Resist materials adapted for KrF excimer lasers enjoyed early use on the 0.3 micron process, passed through the 0.25 micron rule, and currently entered the mass production phase on the 0.18 micron rule. Engineers have started investigation on the 0.15 micron rule, with the trend toward a finer pattern rule being accelerated. A wavelength change-over from KrF to shorter wavelength ArF laser (193 nm) is expected to enable miniaturization of the design rule to 0.13 μm or less. Since conventionally used novolac resins and polyvinylphenol resins have very strong absorption in proximity to 193 nm, they are difficult to use as the base resin for resists. To ensure transparency and dry etching resistance, some engineers investigated acrylic and cycloolefin resins as disclosed in JP-A 9-73173, JP-A 10-10739, JP-A 9-230595 and WO 97/33198.

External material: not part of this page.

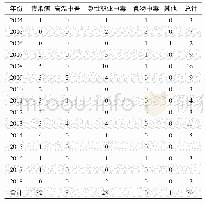 《表1 宝山区2004—2018年突发公共卫生事件发生起数》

Among others, a focus is drawn on (meth)acrylic resin base resists featuring a high resolution. One of the (meth)acrylic resins proposed thus far is a combination of (meth)acrylic units having methyladamantane ester as acid labile group units with (meth)acrylic units having lactone ring ester as adhesive group units as disclosed in JP-A. 9-90637. Acid labile groups of exo form are described in U.S. Pat. No. 6,448,420 (JP-A 2000-327633). These groups have so high an acid elimination ability and require a low level of activation energy for acid elimination, affording a high resolution and low dependence on post-exposure bake (PEB). Norbornane lactone is also proposed as an adhesive group having enhanced etching resistance as disclosed in JP-A 2000-26446 and JP-A 2000-159758. These studies have achieved significant improvements in the resolution of ArF resists.
The outstanding problem associated with the ArF lithography for forming a fine feature pattern is to meet both a high resolution and a minimized size difference between isolated and grouped patterns (known as I/G bias or proximity bias). So far as either one of high resolution and improved I/G bias is concerned, prior art techniques can achieve the goal to some extent. However, it is very difficult to meet both the requirements at a high level.

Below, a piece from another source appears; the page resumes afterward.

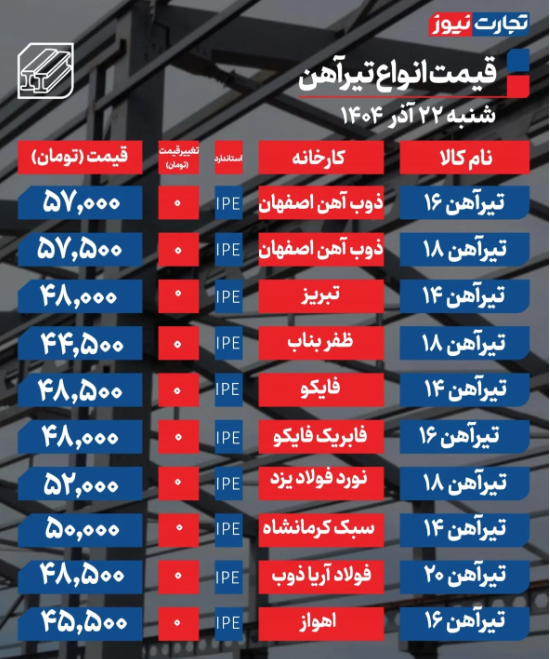 قیمت تیرآهن امروز شنبه ۲۲ آذر ۱۴۰۴ قیمت تیرآهن امروز شنبه ۲۲ آذر ۱۴۰۴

In general, resins for ArF resists have a structure in which carboxyl groups serving as the alkali soluble group are protected with acid labile groups, and perform such that the acid labile group is deprotected under the action of an acid to regenerate carboxyl groups whereby the resins become soluble in alkaline developers. It is noted that deprotection under the action of an acid is referred to as acid decomposition or “acidolysis.” A choice of an acid labile group having higher reactivity may be advantageous with respect to resolution, but enhance acid diffusion during acidolysis reaction, tending to degrade I/G bias. It is thus difficult to meet both resolution and I/G bias at a high level.